Interview

Psychotherapeutin Marion Kurschatke: „Alleinsein ist ein kraftvoller Zustand, wenn ich ihn selbst gewählt habe“

Alleinsein ist nicht immer einfach.

Alleinsein kann, vor allem in der dunklen Jahreszeit, für viele sehr herausfordernd sein.
Doch: Kann Alleinsein auch positive Aspekte und Lerneffekte haben? Und was ist der Unterschied zur Einsamkeit? Diese und viele weitere Fragen hat die Psychotherapeutin und Alternativmedizinerin Marion Kurschatke im Interview beantwortet.

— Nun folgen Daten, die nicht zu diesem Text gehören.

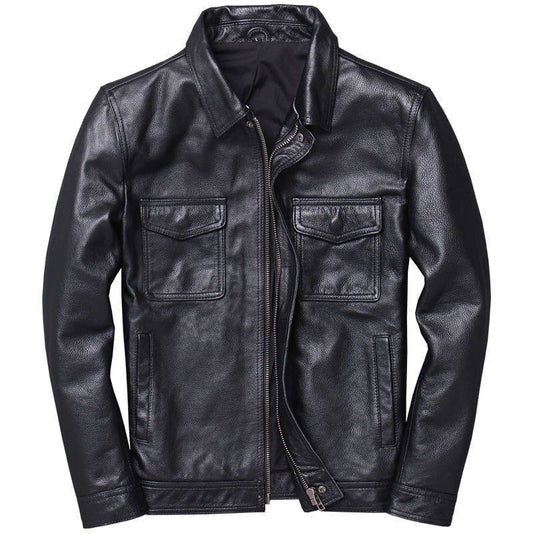 Classic Black Genuine Leather Jacket – Timeless Street & Casual Style
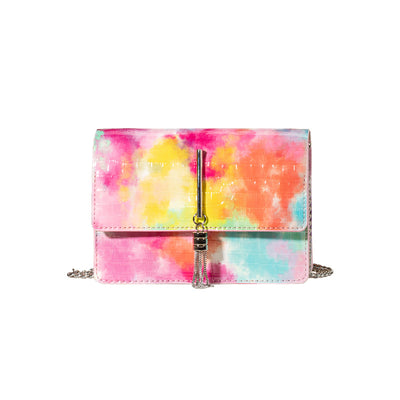 Summer Trendy Tie Dye Rainbow Purse Chain Colored Mini Hand Bags Shoulder Ladies Handbags 2021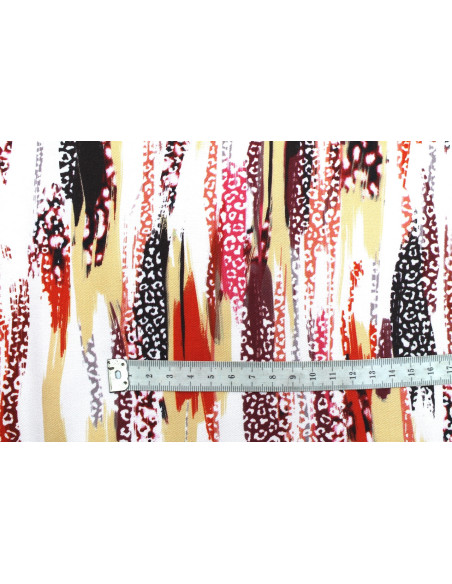 Tissu Gabardine Viscose Imprimé Rayure Félin Rouge de Qualité, Tissu au mètre, Tissu pas cher - Alltissus.com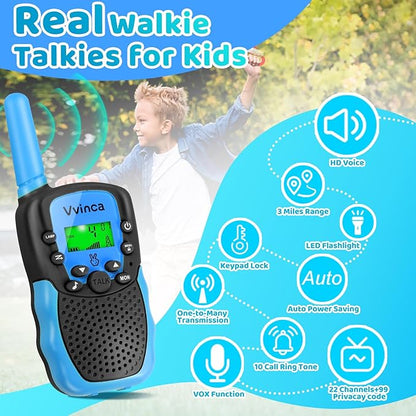 Vvinca Walkie Talkies for Kids Rechargeable 3 Pack, Toys for Boys Girls Age 3-13 Ourdoor Camping Birthday Gift, 3KM Long Range Walkie-Talkie 2 Way Radios 22 CH VOX with Li-ion Battery Flashlight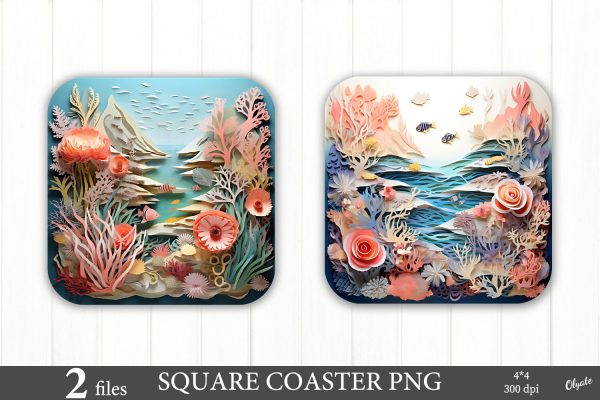 Seashell Coaster Paper Sublimation PNG. Paper Quilled Sea on Sale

Luisa Flaitz, funky-Jugendreporterin
Marion Kurschatke
Foto: privat

Liebe Marion, was verstehst du unter dem Begriff Alleinsein? 
Unter dem Begriff „Alleinsein“ verstehe ich, dass ich nicht von anderen umgeben bin, also faktisch allein bin. Somit auch, wenn ich unter anderem eine Serie schaue oder mit dem Hund spazieren gehe.

Bis zu welchem Punkt kann Alleinsein guttun und ab wann wird es ungesund?
Alleinsein ist ein kraftvoller Zustand, wenn ich ihn selbst gewählt habe und er mir guttut. Ungesund wird es erst dann, wenn ich darunter leide, allein zu sein. Also dann, wenn es unangenehm wird und ich mich nach einem anderen Menschen oder nach Gemeinschaft sehne. Dann fühle ich mich einsam und das ist wiederum ungesund und unangenehm. Wir Menschen sind Herdentiere und fühlen uns in einer angenehmen Atmosphäre umgeben von uns ausgewählten Menschen wohl. Während des Corona-Lockdowns habe ich mit vielen Menschen zu tun gehabt, die unter dem Alleinsein gelitten haben. Sie verspürten das Gefühl von Einsamkeit und hatten keine Option, unter Menschen zu gehen.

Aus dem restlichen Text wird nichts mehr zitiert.